The purpose of this double-blind, three-arm, 12-week trial was to compare the efficacy of sustained-release methylphenidate or sustained-release bupropion to placebo in treating adult attention deficit hyperactivity disorder (ADHD) symptoms. The randomized sample consisted of 98 methadone-maintained patients who were pre-dominantly male (57%) and 40% Caucasian, 40% Hispanic and 20% African American. All participants met DSM-IV criteria for adult ADHD, with 53% meeting DSM-IV criteria for cocaine dependence/abuse. In addition to medication and treatment as usual at a methadone program, individuals received weekly individual cognitive behavioral treatment. Other than current employment status, there were no significant demographic differences across the three treatment groups. Seventy percent completed the 12-week trial. There were no differences in retention rate based on treatment group. A reduction in ADHD symptoms using the adult ADHD rating scale was observed in all three groups, but there were no significant differences in outcome between treatments. The placebo response rate was high, with 46% of the placebo group self-reporting substantial improvement in their ADHD symptoms (>30% reduction in adult ADHD rating scale). Using other ADHD outcome measures, the placebo response and medication response rates were substantially lower. There was no evidence of misuse of medication or worsening of cocaine use among those randomized to methylphenidate. Taken together, sustained-release methylphenidate or sustained-release bupropion did not provide a clear advantage over placebo in reducing ADHD symptoms or additional cocaine use in methadone-maintained patients.

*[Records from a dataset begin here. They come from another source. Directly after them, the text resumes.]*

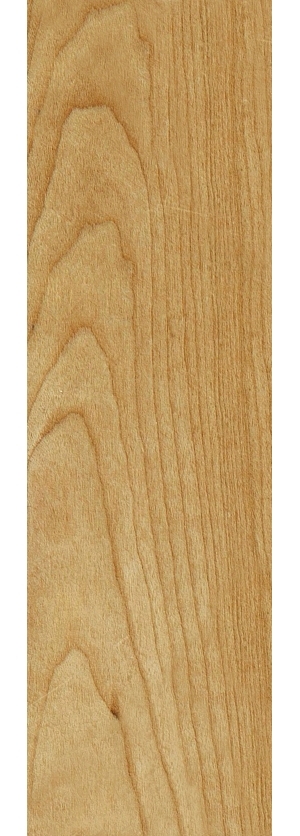 ModernWood Texture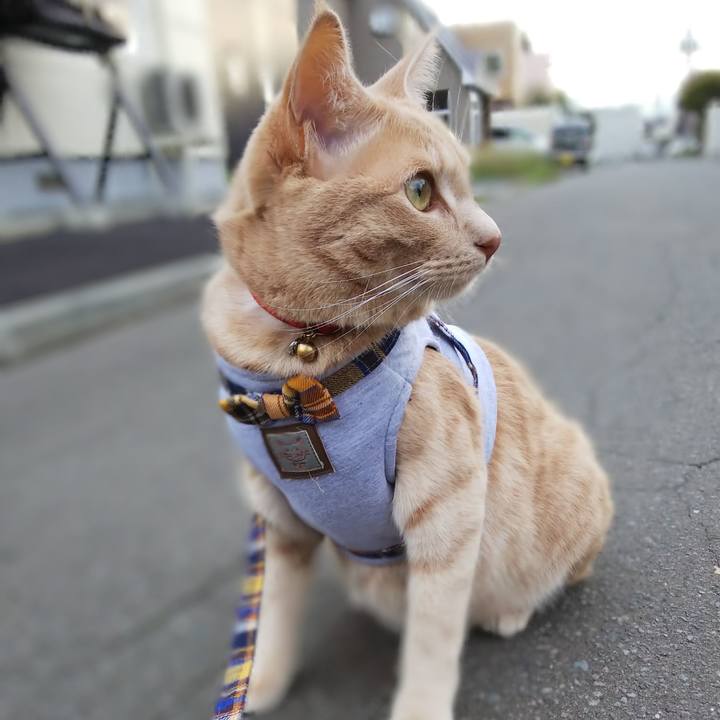 3609a23d 4203 43fe a706 fdd6ee7080fe 1569742344782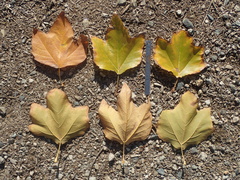 Platanus × hispanica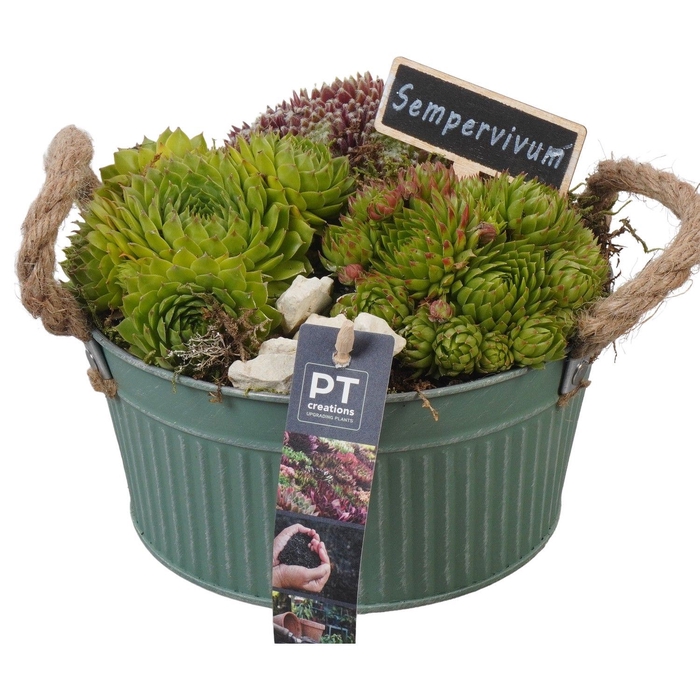 <h4>Arr.  Sempervivum L%</h4>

这项双盲、三臂、为期12周的试验旨在比较缓释哌甲酯或缓释安非他酮与安慰剂治疗成人注意力缺陷多动障碍(ADHD)症状的疗效。随机样本包括98名以美沙酮维持治疗的患者,其中男性占多数(57%),40%为白种人,40%为西班牙裔,20%为非裔美国人。所有参与者均符合成人ADHD的DSM-IV标准,其中53%符合可卡因依赖/滥用的DSM-IV标准。除了在美沙酮项目中接受常规药物治疗和治疗外,个体还接受每周一次的个体认知行为治疗。除了当前就业状况外,三个治疗组在人口统计学上没有显著差异。70%的人完成了为期12周的试验。基于治疗组的留存率没有差异。在所有三个组中均观察到使用成人ADHD评定量表后ADHD症状有所减轻,但治疗之间的结果没有显著差异。安慰剂反应率很高,46%的安慰剂组自我报告其ADHD症状有显著改善(成人ADHD评定量表降低>30%)。使用其他ADHD结局指标时,安慰剂反应率和药物反应率显著较低。在随机接受哌甲酯治疗的患者中,没有药物滥用或可卡因使用恶化的证据。综上所述,在减轻美沙酮维持治疗患者的ADHD症状或额外的可卡因使用方面,缓释哌甲酯或缓释安非他酮相对于安慰剂没有明显优势。